Many cryptocurrency enthusiasts are pointing to security token offerings as a solution to both ICO fraud and persistent regulatory issues that have kept many would-be investors on the sidelines. STOs aren’t much different from traditional securities except that they rely on blockchain technology — specifically smart contracts — to make processes like paying out dividends or repaying loans more efficient.
Unlike ICOs, which don’t give investors any rights to an underlying asset and don’t obligate sellers to follow through with anything at all, security tokens are tied to something tangible like business profits or revenue. However, STOs aren’t perfect. Sellers can still violate regulations if the security is resold to another party (in practice, once the token is acquired, the holder can do what they wish with it) unless the proper exemption is granted from regulators. Unsurprisingly, the U.S. Securities and Exchange Commission has yet to fully approve many of those that have filed.
That said, the floodgates are open and it’s only a matter of time before cryptocurrency hits mainstream exchanges. Investors can already trade bitcoin futures on the Chicago Board Options Exchange and the Chicago Mercantile Exchange, and the Nasdaq has confirmed that it will be adding liquid indices in late February to track the values of bitcoin and Ethereum.
The current crypto bear market may last well into 2019 (and perhaps even longer), but cryptocurrency is here to stay. If you’re an individual investor or leading a company that is looking to gain exposure to crypto — either by accepting cryptocurrency payments or by including it in employee compensation packages — here are three steps you can take to mitigate risk.
1. Educate your team.
Though lots of people were posing as experts in 2017 and the beginning of 2018, the reality is, there still aren’t tons of people who fully understand the technology underpinning many cryptocurrencies. It’s OK if you’re not an expert. However, there’s also plenty of information available on the real-world value of crypto as well as the financial benefits and risks. Take the time to read it. Especially if you’re going to be investing, you should know what a scam looks like; they’re not unique to crypto.

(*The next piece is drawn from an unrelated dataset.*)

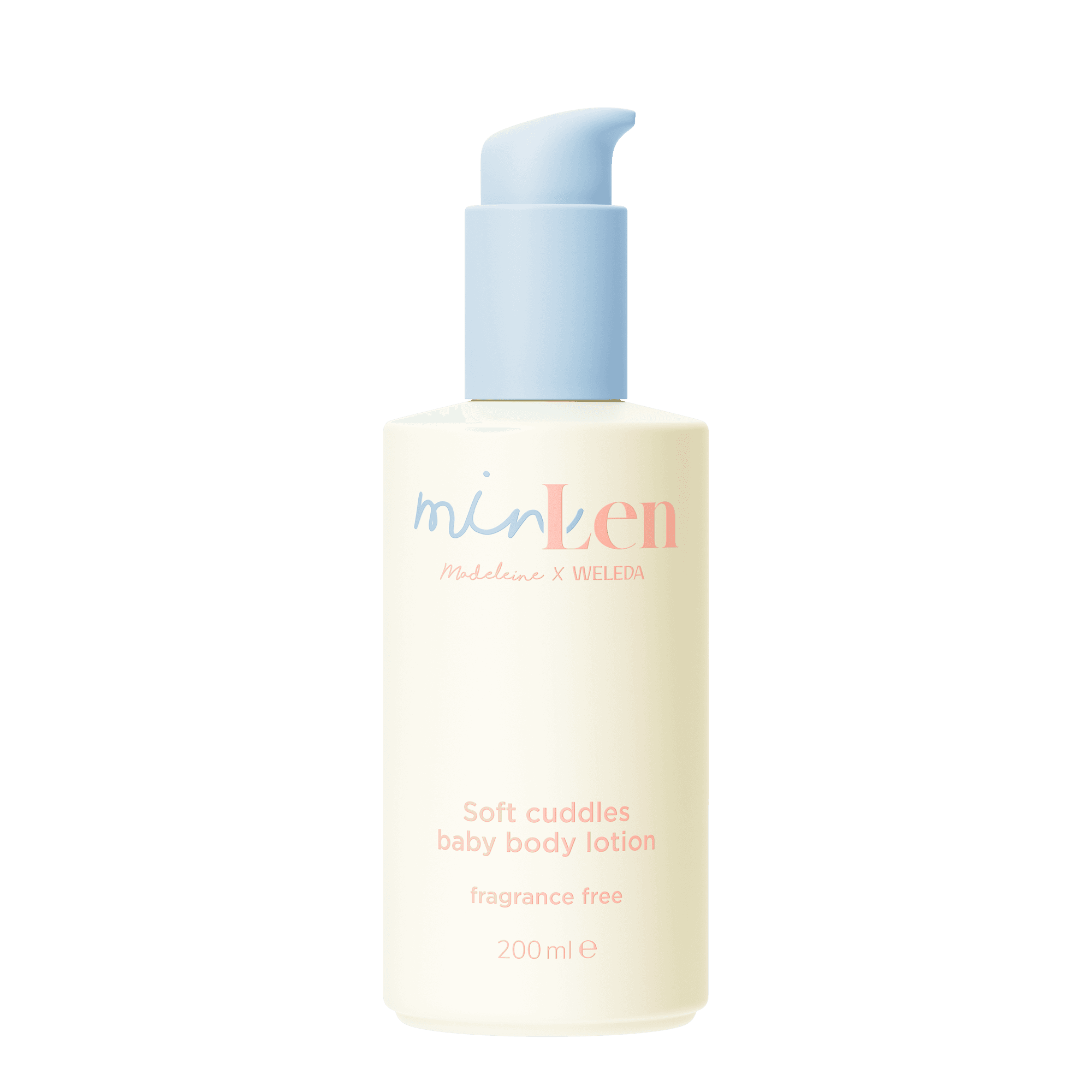minLen Soft Cuddles Baby Body Lotion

You should know a little bit about cryptography in general, and you should definitely know that if you lose your private key, someone can’t just unlock your wallet. Likewise, if you’re not an experienced investor, you need to know what’s at stake. As with any investment, you should be willing to face losses. The need to diversify is just as important as with a 401(k) or personal retirement plan. And yes, you’ll have to pay taxes on gains and losses.

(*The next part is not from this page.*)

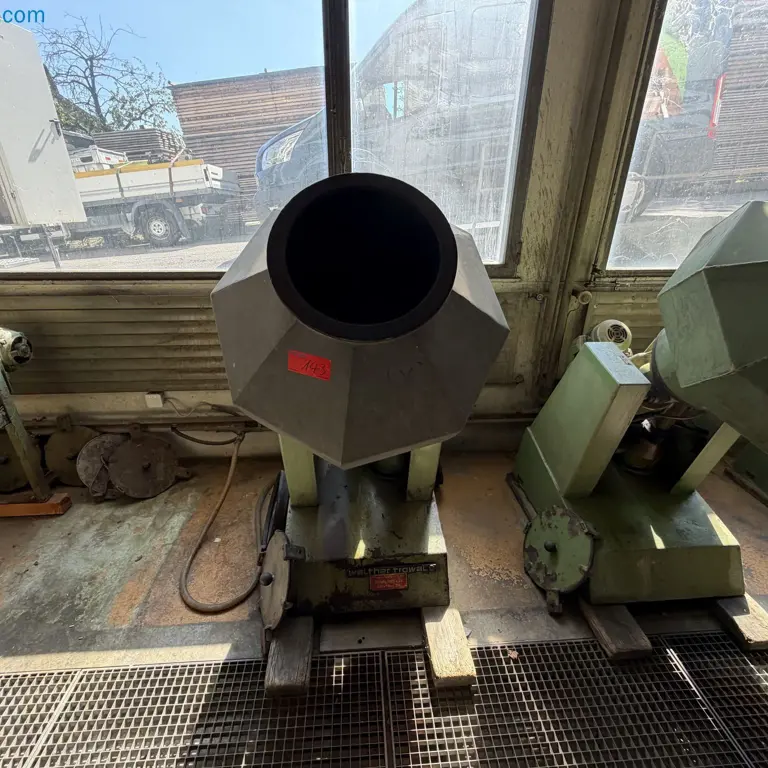 Naprava za drsno brušenje z bobnom Walther Trowal A-150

2. Let customers know you accept crypto.
Many of those holding bitcoin are still looking for legitimate places to spend it. If offering crypto payments to customers, trade it to fiat immediately in order to reduce risk, unless you’re in it for the long haul. If you’re receiving payments in crypto, you should try to get your vendors to accept such payments, and cash out to fiat only the difference you can’t pay out in crypto. Otherwise, you’re not capitalizing on digital currencies’ real benefits, such as faster and cheaper transactions.
3. Don’t consider an ICO at this point.
You could very well be breaking the law. If you’re looking to raise funds with crypto, you’ll be much better working with companies like Polymath, Athena Blockchain, Securrency and others that exist to help companies create, register and market their STOs. They have teams of lawyers who will help you each step of the way. That doesn’t mean you don’t have to do your own due diligence. There will always be investment scams, no matter the investment vehicle. There are still ICOs claiming to be STOs that haven’t registered any exemptions with the SEC or another appropriate regulatory body.

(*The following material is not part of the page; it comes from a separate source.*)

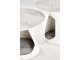 Set masute pentru reviste Halmar Osario (White Marble/White)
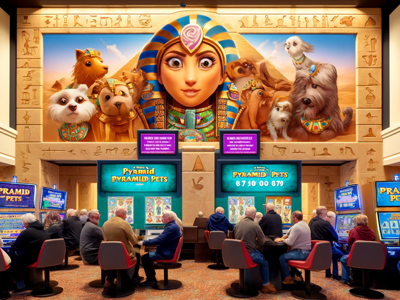 EveryGame Casino Presents Promotion on New Game Pyramid Pets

The meteoric rise of bitcoin’s price was largely driven by hype perpetuated by mainstream media, and many inexperienced investors paid a steep price for buying into that hype just as the crypto bubble was bursting. Ironically, the same “experts” who were calling bitcoin the next big thing in 2018 are asking if it’s dead in 2019. The answer, of course, is no. The next bull cycle likely won’t see bitcoin prices skyrocket past $20,000 (or even $100,000, as some analysts claim), but cryptocurrency has already proven its value — and its permanence.